- What this task involves
Repeat, line for line, only the span that opens at the "Dartmouth Casa |" line and closes at the final line below. Skip the pictures.

- Dataset extract
▽
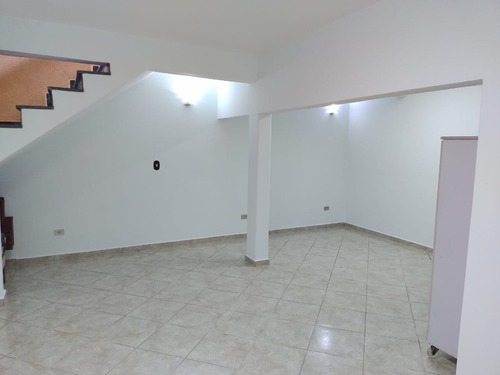 Sobrado Primavera Interlagos 3 Quartos Com Área Verde Jardim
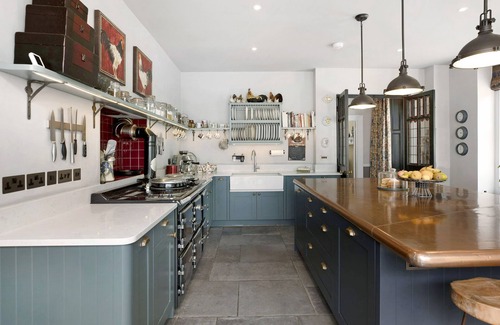 Dartmouth Casa | Farwell House - a house that sleeps 8 guests in 4 bedrooms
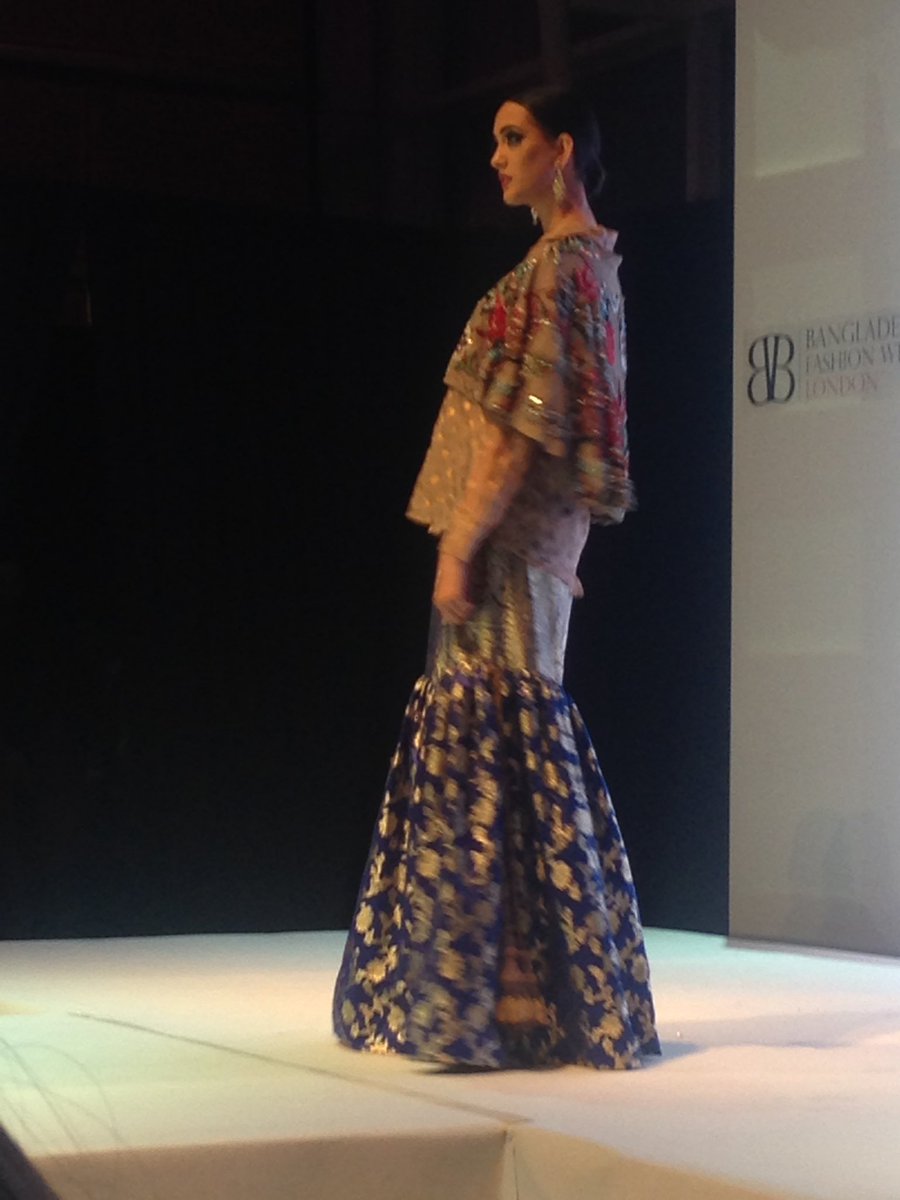MahmudurManna's tweet photo. Attended Bangladesh Fashion Week. it was a great show. #bfwl16 https://t.co/b75t2agAeA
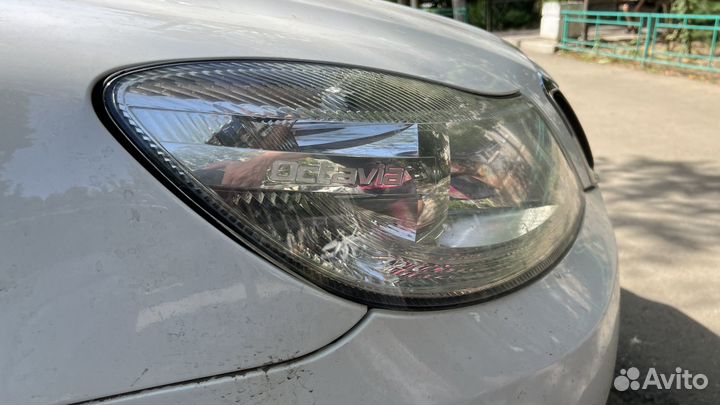 Фара передняя правая на skoda octavia a5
△
- Written solution
 Dartmouth Casa | Farwell House - a house that sleeps 8 guests in 4 bedrooms
MahmudurManna's tweet photo. Attended Bangladesh Fashion Week. it was a great show. #bfwl16 https://t.co/b75t2agAeA
 Фара передняя правая на skoda octavia a5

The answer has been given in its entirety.